What Do Russian Budget Cuts Mean for Putin?

Andrey Ostroukh and Andrey Ostroukh write:  Russia’s government is considering swingeing budget cuts and the sale of stakes in state companies as it grapples with a plunge in the price for crude oil, its main export, that the prime minister said could cause “prolonged stagnation.”

Russian Economy Minister Alexei Ulyukayev said Wednesday that Russia would have to adjust to a “new normal” of low prices for crude, which will last for a “very lengthy” period. Finance Minister Anton Siluanov said the government would propose a 10% cut to spending from a budget that was based on an oil price of $50 a barrel, nearly $20 higher than the current level.

“We need to prepare for the worst scenario,” Prime Minister Dmitry Medvedev said in a speech at an economic conference in Moscow Wednesday. “We need to live according to our means, including by reducing budget expenditures, decreasing spending on the state apparatus, the privatization of part of state assets.”

The suggestion of potential state-asset sales—often touted in recent years, but hardly ever executed—shows how wide Russian officials are casting the net for ways to shore up a federal budget that receives half its revenue from the oil and gas sector. High oil prices had been the cornerstone of President Vladimir Putin’s 15-year rule, allowing him to boost social spending and raise living standards. But the fall in the oil price and sanctions over the Kremlin’s interventions in Ukraine brought about a 3.7% economic contraction last year, accompanied by a slide in real incomes. Officials say the economy will grow this year, but the World Bank forecasts a 0.7% contraction.
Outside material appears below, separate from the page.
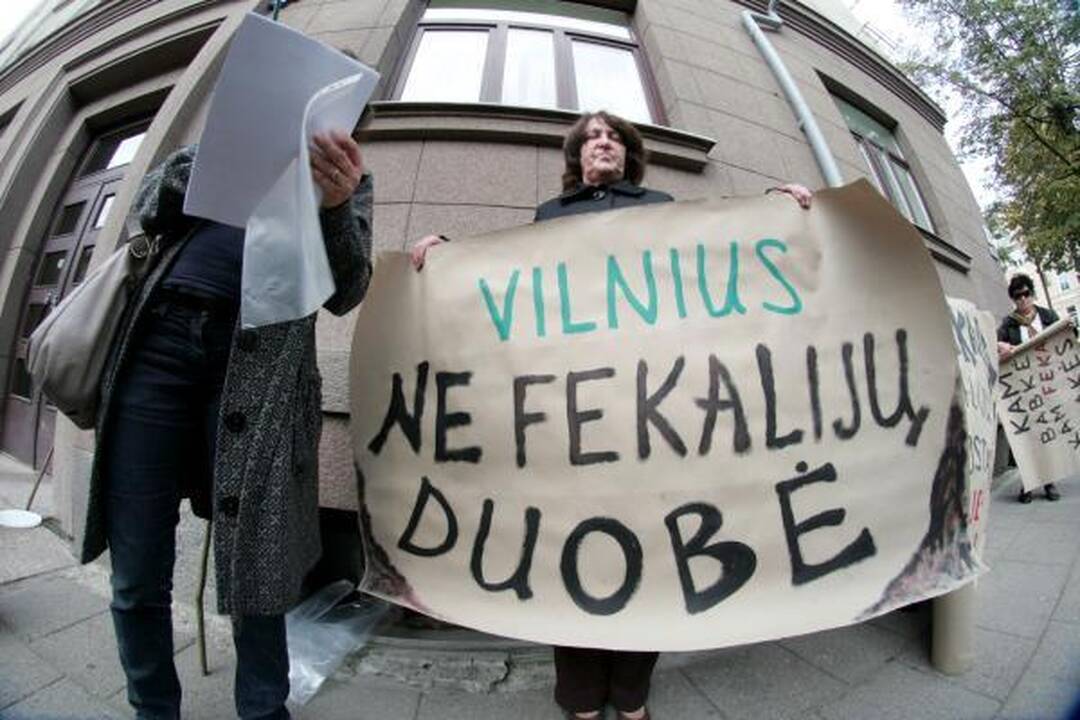 Dumblo smarvės kankiniai nenuleidžia rankų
“Many became poorer; the middle class suffered. That’s the most painful consequence of last year’s economic blows,” said Mr. Medvedev.

Still, there appear few threats to Mr. Putin’s rule. His approval rating has risen above 80% in the last two years, pollsters say, since Russia seized Crimea and has presented itself as being under siege from the West.

Mr. Putin has said repeatedly that Russia’s economic slide has bottomed out, but late last year he indicated that budget cuts could be necessary. Mr. Siluanov said spending reductions could be as high as 10%, or 500 billion rubles ($6.5 billion), to meet Mr. Putin’s demand that the budget deficit be kept under 3% of gross domestic product. Mr. Siluanov, whose ministry has long pushed for tighter spending, said the government shouldn’t rapidly increase borrowing.

Mr. Ulyukayev, the economy minister, said Wednesday that the government could sell stakes in the two largest state banks, Sberbank and VTB, in part to inject funds into them. The Russian banking system needs new funds, he said, as Western financial markets have remained closed to them due to sanctions.

Russian officials have in recent years repeatedly floated the idea of selling stakes in state giants such as oil producer OAO Rosneft, but the plans were never realized as officials said they shouldn’t be sold on the cheap.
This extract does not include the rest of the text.